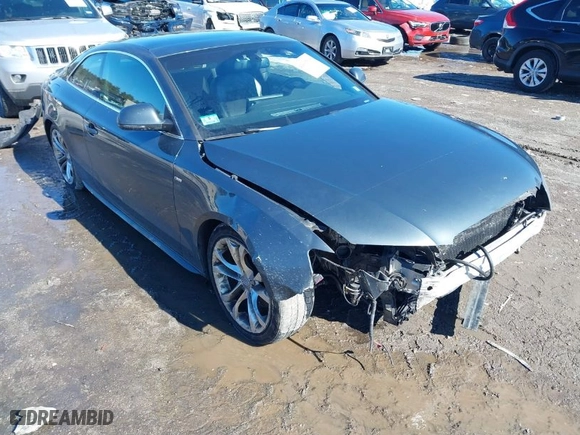 2009 Audi A5 with VIN WAUDK78T29A019706, listed as a IAAI auction lot 41697518 with 136,722 mi miles. Bid and sale history available at carsss.com. Image 1.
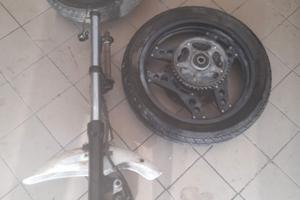 ricambi  HONDA CBX 750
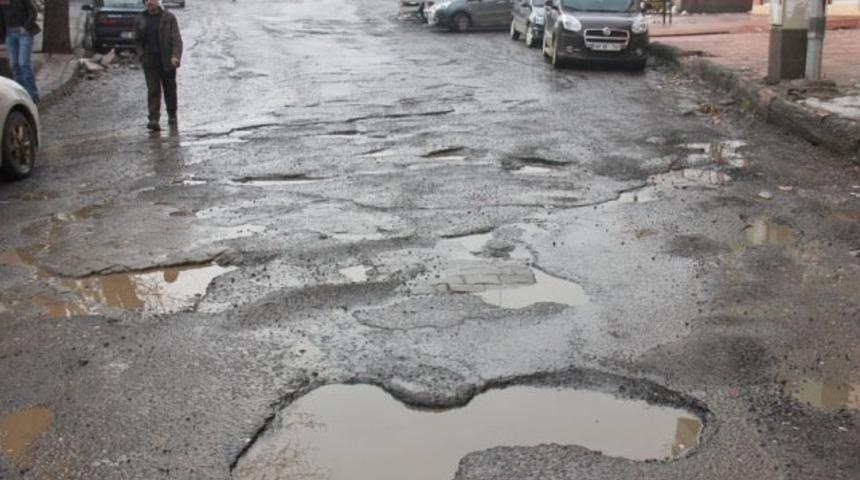 Bu adam &ccedil;ukurların kapanması i&ccedil;in &ouml;yle bir şey yapıyor ki, şok olacaksınız!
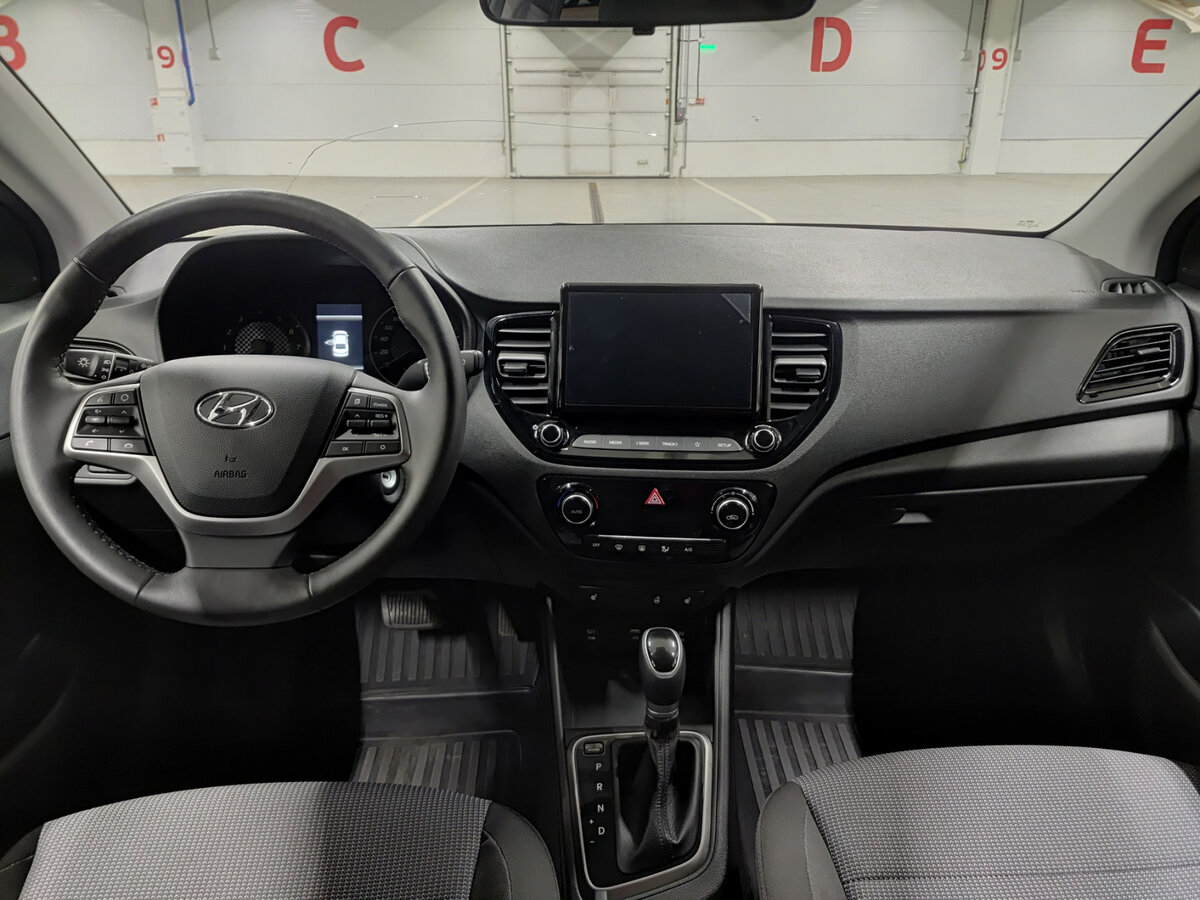 Купить Solaris HS с пробегом. Фото: #13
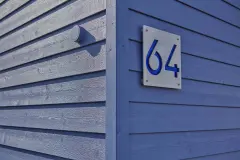 Detailansicht eines Hauses mit blauer Holzfassade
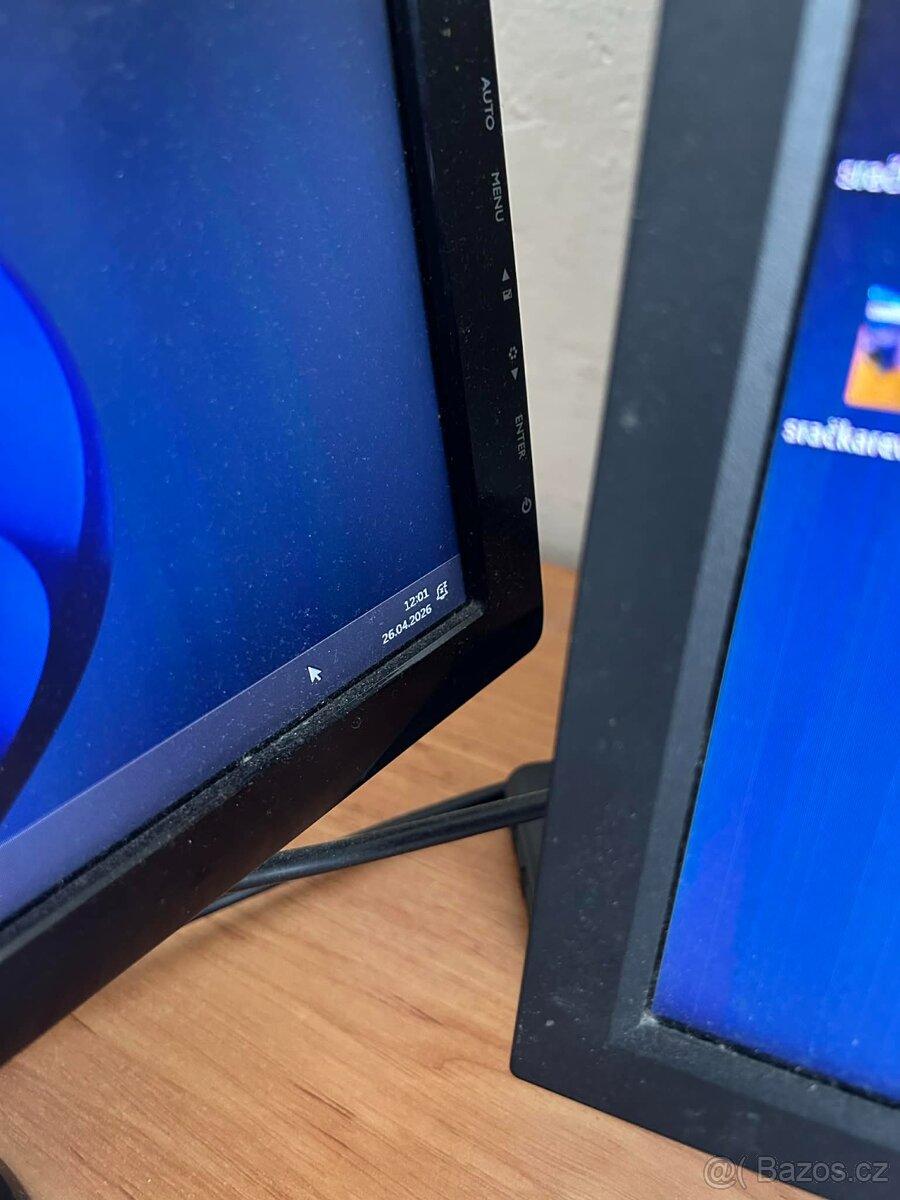 Dvojice monitorů - 3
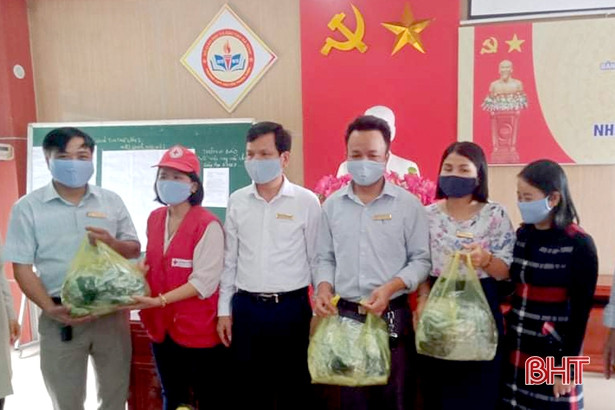 Hội Chữ thập đỏ Thạch Hà phát hơn 1.700 khẩu trang phòng dịch Covid-19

• • • •

**Assigned task**
Pictures are to be omitted; otherwise, every line from the first line of the listing through the line containing "Dvojice monitorů - 3" must be reproduced exactly, both ends included.

**Result of this task**
 2009 Audi A5 with VIN WAUDK78T29A019706, listed as a IAAI auction lot 41697518 with 136,722 mi miles. Bid and sale history available at carsss.com. Image 1.
 ricambi  HONDA CBX 750
 Bu adam &ccedil;ukurların kapanması i&ccedil;in &ouml;yle bir şey yapıyor ki, şok olacaksınız!
 Купить Solaris HS с пробегом. Фото: #13
 Detailansicht eines Hauses mit blauer Holzfassade
 Dvojice monitorů - 3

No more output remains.